# If totally disconnectedness does not imply the discrete topology, then what is wrong with my argument?

Assume that $X$ is a totally disconnected space. Then every two-point set is disconnected, which implies that every singleton is open in the topology of $X$ (because the one-point subsets of two-point sets form a separation). Isn't the collection of those singletons a basis for the discrete topology? So isn't the topology discrete?

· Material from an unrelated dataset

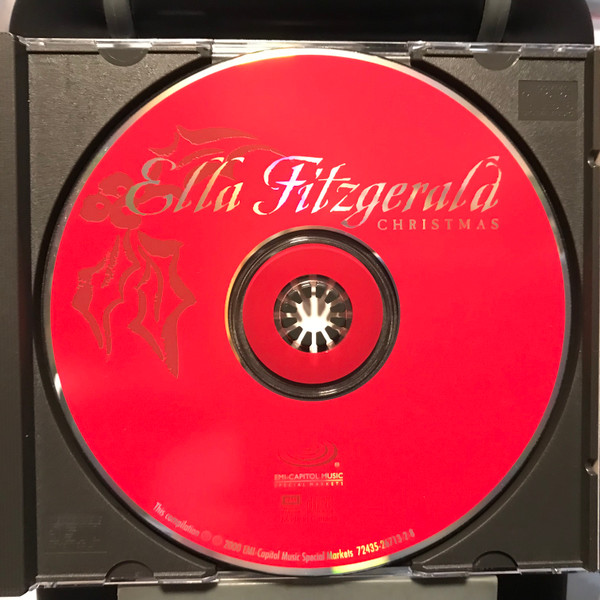 Ella Fitzgerald-2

• You might as well start with "Assume that $X$ is a Hausdrorff space." That should have made you doubt even more. – Hagen von Eitzen Jun 17 '13 at 16:54

Note that being totally disconnected means that the only connected nonempty subsets are the singletons. To see that, for example, $\{ a , b \}$ is not connected, it suffices to find open subsets $U , V \subseteq X$ with the following properties:

1. $U \cap \{ a,b \} = \{ a \}$;
2. $V \cap \{ a,b \} = \{ b \}$;

This would not imply, however, that either $\{ a \}$ are $\{ b \}$ are open subsets of $X$. This only means that $\{ a \}$ and $\{ b \}$ are open subsets of the subspace $\{ a,b \}$ of $X$.

To give more details with regards to an actual example, consider the rationals $\mathbb{Q}$ as a subspace of the real line. Given any subset $A \subseteq \mathbb{Q}$ of size $> 1$ pick $p,q \in A$ with $p < q$. Then there is an irrational number $x$ such that $p < x < q$. Note that $U = ( - \infty , x ) \cap \mathbb{Q}$ and $V = ( x , + \infty ) \cap \mathbb{Q}$ are open subsets of $\mathbb{Q}$ which have the following properties:

1. $U \cap A \neq \emptyset \neq V \cap A$;
2. $A \subseteq U \cap V$; and
3. $( U \cap V ) \cap A = \emptyset$.

This demonstrates that $A$ cannot be a connected subset of $\mathbb{Q}$; and in general, the only nonempty connected subsets of $\mathbb{Q}$ are the singletons.

Note, however all nonempty open subsets of $\mathbb{Q}$ are infinite.

• "This only means that $\{a\}$ and $\{b\}$ are open subsets of the subspace $\{a,b\}$ of $X$." explains everything. Thank you! – Xena Jun 17 '13 at 16:58

Totally disconnected means that no two points are in the same connected component. So for $x,y\in X$ there is no connected set containing both points. In particular the set $\{x,y\}$ is not connected, thus is discrete, thus each point is open in the subspace topology of this set. That does not mean that it is open in $X$.